Take Care of Your Body — It's the Only Place You Have to Live
Written based on the teachings of Jim Rohn

Take Care of Your Body — It's the Only Place You Have to Live
Let me ask you something, my friend. If somebody gave you a brand-new car — the finest automobile ever made — but told you it was the only car you'd ever own for the rest of your life, how would you treat it?
I'll bet you'd wash it every week. Change the oil on schedule. Keep it out of the hail. You wouldn't run it on cheap fuel and hope for the best. You'd treat that car like it mattered, because it does. It's the only one you've got.
Now here's what's interesting. Most people take better care of their car than they do their own body.
I had a conversation years ago with a man at one of my seminars. Sharp guy. Built a good business. But he looked like he hadn't slept in a month, and he was carrying about forty extra pounds. He came up to me afterward and said, "Jim, I've got the money, I've got the house, I've got the business. But I'm tired all the time. I can't enjoy any of it."
I said, "Let me ask you something. What did you have for breakfast this morning?"
He said, "I didn't have breakfast. I had coffee and a donut on the way here."
I said, "Well, there's part of your problem. You're running a million-dollar operation on a fifty-cent breakfast."
He laughed. But it wasn't really funny, was it? Here was a man who had spent twenty years building wealth and about twenty minutes thinking about his health. And now his health was stealing the wealth right back.
We call that a bad trade.
See, here's what I found out. Your body is not separate from your success. Your body IS the vehicle for your success.
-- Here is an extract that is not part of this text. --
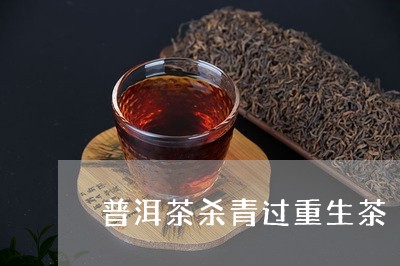 普洱茶杀青过重生茶/2023062852948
Every goal you have, every dream you're chasing, every person you want to become — you've got to show up in THIS body to do it. There is no other option. You can't phone it in. You can't send a substitute.
Take care of your body. It's the only place you have to live.
I grew up on a farm in Idaho, and I can tell you — a farmer understands something that a lot of successful people forget. You can't neglect the soil and expect a good harvest. It doesn't work that way. The soil has to be tended. It has to be fed. You put garbage in the ground, you get garbage out. You put nothing in, you get nothing out. The body works the same way.
Somebody says, "Well, Jim, I just don't have time to exercise."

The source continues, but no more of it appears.